December 22, 2021
A physician group’s lawsuit against Envision Healthcare will test the limits of California’s ban on the corporate practice of medicine.
The American Academy of Emergency Medicine Physician Group argues that Envision’s emergency department contract with Placentia-Linda Hospital in Placentia violates state law because it takes too much decision-making power away from doctors—something the state law seeks to prevent—and places it with Envision, which is owned by the private equity firm Kravis, Kohlberg and Roberts.
The lawsuit seeks to test Envision’s use of a so-called “front” professional association, which they claim is the employing entity, said Dr. Robert McNamara, AAEM-PG’s chief medical officer.
“We believe that it’s Envision that’s in charge and we’ll be able to show that professional association structure is just a sham to thwart the corporate practice of medicine law,” he said.
In its complaint filed Monday in California state court, the physician group says that after Envision acquires practices, it exercises “profound and pervasive” control over physicians’ practice of medicine, diminishing their independence and violating the law. For example, the lawsuit alleges Envision decides how many and which doctors will be hired, their compensation and work schedules. It also controls advertising for doctor vacancies, terms of employment, staffing levels and number of patient encounters, according to the complaint.
Envision said it does not comment on pending litigation. KKR bought the company in 2018 for $9.9 billion.
In states like California with corporate practice of medicine bans, hospitals and other companies that own physician groups structure them as foundations to abide by the law. Sutter Health, for example, has the Palo Alto Medical Foundation.
“It’s ubiquitous in the state; you find it all over,” said Richard Scheffler, professor of health economics and public policy at the University of California, Berkeley.
Envision is trying to do something similar, except it’s a private equity-owned corporation and not a not-for-profit health system, Scheffler said. The former has to make money for its investors, so the court will have to decide if Envision’s workaround takes pushes the limits too far, he said.
“This could be a landmark case,” he said. “It’s the first major pushback.”
Paul Giancola, a partner with Snell & Wilmer in Phoenix who has worked on corporate practice of medicine transactions, said in his opinion, it shouldn’t make a difference whether the corporate entity is private equity owned or a not-for-profit organization, although California’s law could have some distinction.
Giancola said such arrangements can be helpful because they allow physicians to focus on patient care and not the operational end of things, like reimbursement and benefits. But it’s a problem if they interfere with patient care, such as requiring that they see a certain number of patients within a specific time frame. Even so, the contracts are not dissimilar from a hospital’s practice guidelines, which might suggest that all patients over 65 who present with certain conditions get CT scans, for example.
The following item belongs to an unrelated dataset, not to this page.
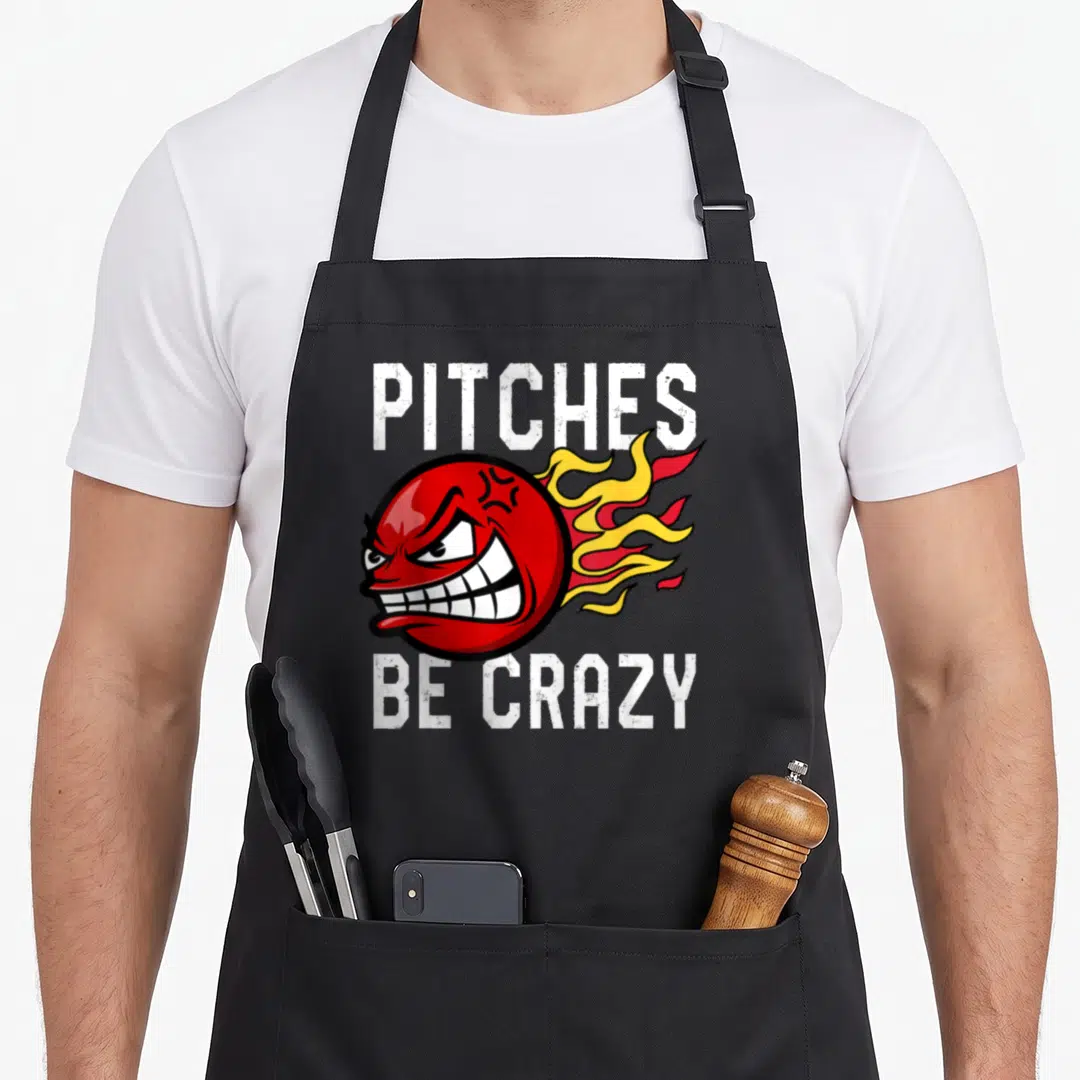 Pitch kickball apron - Flaming red angry baseball with PITCHES BE CRAZY text — shown on a black cotton canvas apron against a white background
“You see that tension all the time, whether you’re employed by a hospital, a corporation or a practice group, people have different practice patterns and they try to come up with recommendations that people can follow that make sense,” Giancola said.
AAEM-PG isn’t asking for monetary damages. Instead, it’s asking the court to prevent Envision from continuing to practice in the state under its current structures, which it alleges include captive medical groups, restrictive covenants in physician contracts, payment of consideration to acquire emergency department contracts and control over staffing and billing contracts.
The complaint accuses Envision of providing consideration to hospitals in exchange for exclusive emergency department contracts. In this case, the complaint says it offered the hospital’s owner, Tenet Healthcare, anesthesia services and hospitalist services without subsidies at its hospitals nationwide in exchange for Tenet granting it exclusive emergency department contracts. Subsidies are stipends hospitals provide to certain hospital-based physicians as an incentive to practice at a hospital. For-profit Tenet allegedly agreed. The company did not return a request for comment.
“Plaintiff is informed and believes this kickback scheme is one of its standard methods of acquiring new contracts and maintaining existing ones,” the complaint said.
AAEM-PG used to have a contract with the physician corporation that formerly practiced at Placentia-Linda Hospital, but it was canceled when the hospital decided to work with Envision instead. McNamara said this lawsuit isn’t about getting reinstated at the hospital.
“We’re not doing this to get back into Placentia-Linda,” he said. “We’re trying to get the court to enforce the patient protections inherent in California’s prohibition on the corporate practice of medicine. This is all about who controls the care of the patient.”
Tim Greaney, a visiting professor in the University of California, Hastings College of Law, said the complaint exposes “a wide range of concerns” about how companies are approaching California’s law. That includes the question of whether Envision’s contracts preclude the physician groups from affiliating with multiple hospitals, which would limit competition, he said.
“I’ve wondered for years how these controlled professional corporations were able to prosper and get away with it, I guess, because I understand it’s pretty common,” Greaney said.